Monday, October 25, 2010

When Going With The Flow, Takes Me Down The Drain.

I received a phone call this weekend, which reminded me of how important it is to choose my friends wisely. This person has had a difficult life in many ways, and has an unremittingly negative attitude. Work, friends, family, health, marriage, the family dog, the state of the world... I used to hang up the phone after a conversation with this person, and feel as though I'd been fighting a strong current for 57 minutes - worn out, and mildly depressed.

I've had to detach with love, from any emotional engagement with this (not in program) friend. I offer what support and encouragement I can, I try to make them laugh, but I keep my essential self back a few steps, so that I'm not sucked into that awful sweeping current, and dragged away downstream.

This stepping back to a slightly safer place on the riverbank, this detachment from this person and their litany of misery, is an act of changed attitudes on my part. At one time, I used to feel as though I must give whatever it was that a friend sought from me, that were I to refuse, I would be being a horribly selfish person.

That's co-dependency, to put the desires of someone else, above my own serenity. It's co-dependent to allow someone to grab me in an iron grip, rip me out of my good mood, and pull me down the drain with them, into that mental sewer of negativity.

It's all right for me to choose not to hang out with people who drag me down. It's perfectly acceptable for me to decide that my serenity is more important than letting someone else use me as a dumping ground for their resentments, bad moods, and roiling anger. I have the right to decide that I am going to pull back from a friendship, for no other reason than that I've realised that I'm not enjoying myself with this person, that in getting to know them better, I've discovered that this person is not a healthy friend for me.

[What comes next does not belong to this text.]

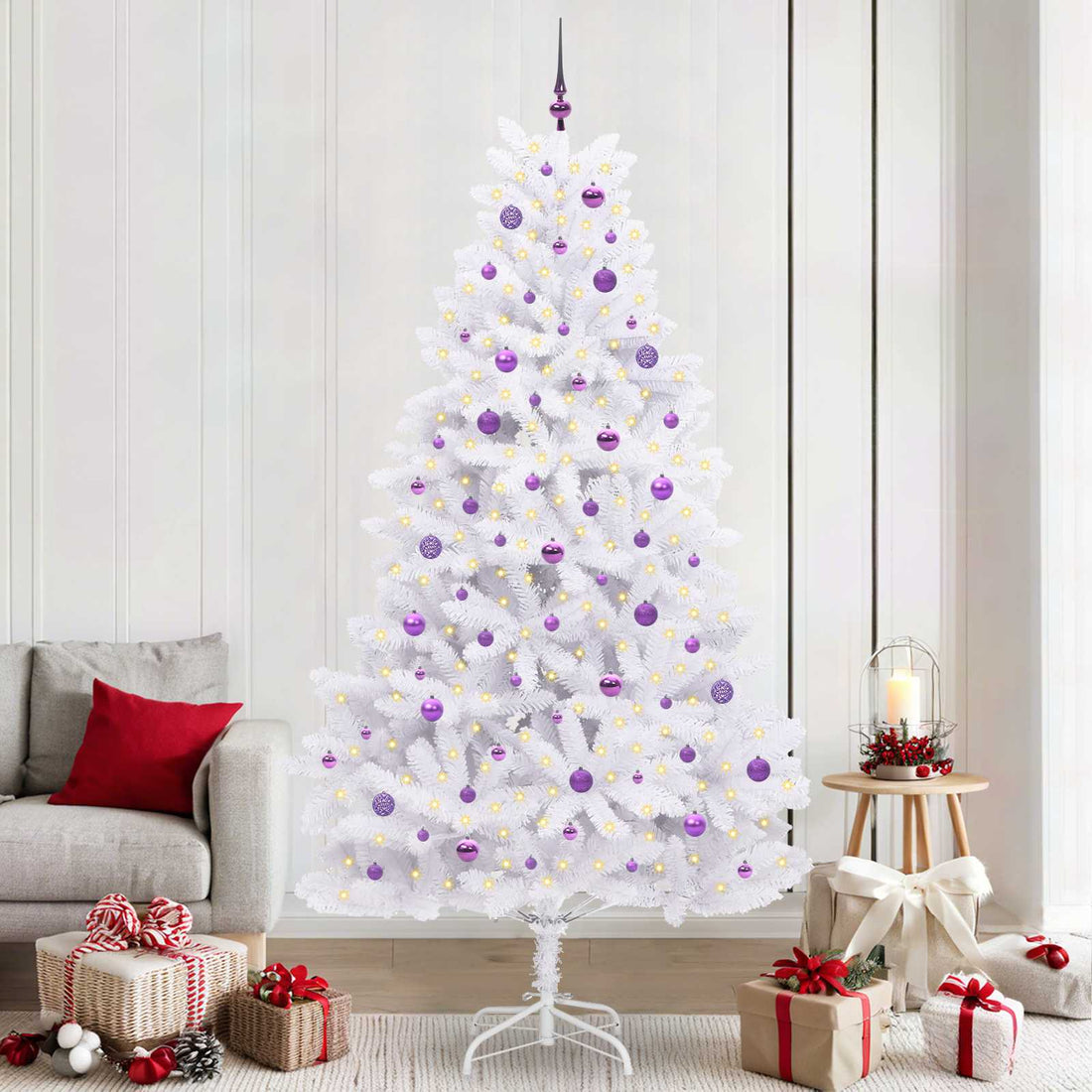 vidaXL Árbol de Navidad artificial con ramas articuladas Blanco 240 cm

Life isn't going to be all smooth sailing - Al-Anon doesn't promise me that I will be granted a reprieve from having to deal with life's usual trials and tribulations. It teaches me how to move through my life with a better understanding of, and compassion for - myself, and others. I still have to deal with the same problems, it's how I choose to do so that changes.

At one time, I'd have dealt with my dawning understanding of how this person could affect me, by cutting them off completely - total avoidance. I don't do that nowadays, but I do make sure that I'm emotionally detached from the parts of their character which are dangerous to my serenity.

If they call, I decide whether or not I've got the energy to listen, before I pick up.  When I do answer the phone to their call, and that current of complaint starts gathering momentum, I can stand on the bank, and watch the river flow. I no longer feel the need to dive in and try to rescue someone, who hasn't the slightest interest in being saved; someone who fights wildly any attempt on my part, to steer the conversation shorewards. I watch, I throw out a few flotation devices, and I wave as they are carried off out of sight. I have no intention of drowning alongside them.

That may sound harsh to those of you new to program, but we can only save ourselves. There is no way for me to force this person to choose a more positive and accepting attitude; I have enough on my plate some days, with the effort to steer my own thinking in a better direction.

I do what is humanly possible, and I turn the rest over to my Higher Power.


  1. I too have found that I don't need to just go with the flow and can extricate myself from their anger and negativity. It is a great improvement for me.

  2. I, too, have learned that I do better when I surround myself with people who lift me up or those who are placed in my path that I can lift up (with a smile, a hug, or sharing). I have had to end some relationships and have pursued others with this in mind. It took me a long time to learn this. I can listen, pray for, and let go. Simple but not easy.


  3. I too have learned this lesson. I have much more serenity when I am able to emotionally detach from the drama of others...instead of "fixing" them!